Nudura forms are slow going
But not these ICFs. This basement was a massive pain in the ass. After one day, the guys only had one of seven rows done. There was no simple way to attach the forms and keep them locked in place. You see, with standard ICFs, the blocks are basically like Legos. There are little grooves on the inside and outside that line up and attach to the corresponding little plugs on the other block. Snap snap snap — it goes together. Easy.
Assembling Nudura forms was not easy. The little Lego grooves and plugs were only on the outside of the blocks, not the inside, as the plywood slabs simply butted together, creating big seams and gaps. (Wouldn’t tongue-and-groove plywood have made sense, Nudura!?)
Frustrated at the lack of progress, Taylor called the Nudura sales rep, who came out to the site. Amazingly, he had never seen the Nudura One series before. Like, never ever. As they all worked together to try to troubleshoot this problem, they eventually decided to call the technical support team at the head office in Ontario, Canada.
They suggested making 2×4 L-brackets to support and anchor the forms. (Uh, that’s part of the plan?) Oh, and as for the gaps in the plywood — where concrete would completely burst from when pouring? Well, just use Tuck tape, they said. Tuck tape!?? (I suppose it’s slightly more classy than using duct tape.) Jeez Louise.
Unfortunately, after building a bunch of the 2×4 L-brackets and bolting them onto the forms, the carpenters realized that this was not going to work at all. These brackets did nothing.
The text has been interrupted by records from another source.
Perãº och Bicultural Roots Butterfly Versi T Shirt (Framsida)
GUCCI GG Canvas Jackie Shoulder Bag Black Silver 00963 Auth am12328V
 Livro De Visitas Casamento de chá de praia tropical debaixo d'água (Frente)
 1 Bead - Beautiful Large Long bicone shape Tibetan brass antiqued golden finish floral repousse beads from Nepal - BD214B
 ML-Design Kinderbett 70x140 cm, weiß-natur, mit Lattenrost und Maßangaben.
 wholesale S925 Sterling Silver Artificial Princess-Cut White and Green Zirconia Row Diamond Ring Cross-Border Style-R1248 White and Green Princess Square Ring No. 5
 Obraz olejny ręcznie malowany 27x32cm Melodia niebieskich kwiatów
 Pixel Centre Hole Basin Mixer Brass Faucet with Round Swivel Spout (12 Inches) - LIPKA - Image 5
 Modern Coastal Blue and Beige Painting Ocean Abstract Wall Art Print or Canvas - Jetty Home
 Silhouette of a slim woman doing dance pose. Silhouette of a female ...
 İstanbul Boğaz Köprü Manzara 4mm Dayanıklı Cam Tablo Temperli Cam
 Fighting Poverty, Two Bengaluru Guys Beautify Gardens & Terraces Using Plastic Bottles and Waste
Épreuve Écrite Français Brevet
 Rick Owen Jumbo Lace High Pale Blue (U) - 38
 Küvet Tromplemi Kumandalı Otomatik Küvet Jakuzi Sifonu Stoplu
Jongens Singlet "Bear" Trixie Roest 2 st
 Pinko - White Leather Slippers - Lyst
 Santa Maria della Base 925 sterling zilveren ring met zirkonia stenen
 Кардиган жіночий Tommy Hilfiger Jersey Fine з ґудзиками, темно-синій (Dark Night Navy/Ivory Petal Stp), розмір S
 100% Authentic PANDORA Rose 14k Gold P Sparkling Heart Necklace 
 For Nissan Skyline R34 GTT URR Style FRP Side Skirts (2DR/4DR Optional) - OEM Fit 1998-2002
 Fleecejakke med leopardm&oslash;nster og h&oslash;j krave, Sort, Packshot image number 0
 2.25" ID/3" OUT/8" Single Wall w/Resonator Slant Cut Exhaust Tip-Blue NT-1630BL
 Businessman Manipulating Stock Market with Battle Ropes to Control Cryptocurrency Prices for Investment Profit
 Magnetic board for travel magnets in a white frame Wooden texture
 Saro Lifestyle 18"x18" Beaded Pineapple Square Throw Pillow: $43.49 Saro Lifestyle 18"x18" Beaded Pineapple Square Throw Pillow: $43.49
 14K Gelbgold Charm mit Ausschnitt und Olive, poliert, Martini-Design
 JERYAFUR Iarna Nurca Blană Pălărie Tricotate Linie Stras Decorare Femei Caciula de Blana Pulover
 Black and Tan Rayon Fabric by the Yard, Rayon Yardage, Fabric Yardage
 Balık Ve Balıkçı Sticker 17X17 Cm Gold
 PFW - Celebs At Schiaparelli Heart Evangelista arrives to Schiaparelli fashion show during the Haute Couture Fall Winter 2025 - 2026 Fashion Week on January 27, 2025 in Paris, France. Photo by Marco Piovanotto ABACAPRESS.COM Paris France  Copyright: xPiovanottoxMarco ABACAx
If anything, they made the problem worse by pulling the forms further inwards, causing even greater warping of the walls. Thanks for the “technical support”!
(You’d think they’d never sold this product before. We later found out that they had never actually used these forms in a residential application.)
Over the following four days, Taylor and Curtis grudgingly put the forms together and stacked them higher and higher, eventually reaching the top, at 10’6″. They put an absolute ton (perhaps 2 tons) of rebar in the ICFs, both vertically and horizontally, to reinforce the high walls and provide the structural support for the beams, joists, and double walls that would sit upon the foundation.
Seeing the forms go up was pretty exciting, but just don’t look too closely or right down the line of the wall…
Because that ain’t straight.
I have to admit, I was more than a bit worried. I wondered, how the hell were they going to straighten these walls?
Taylor and Curtis had also eaten through their projected timeline and still had to try to straighten the walls. After four days, the walls were not even stacked, let alone straight and ready for concrete. Over another three days, all they did was straighten and adjust the walls, using large bracing and strapping to make them level, straight, and even. When Taylor finally told me they would be pouring concrete the next day, I had to run over and make sure.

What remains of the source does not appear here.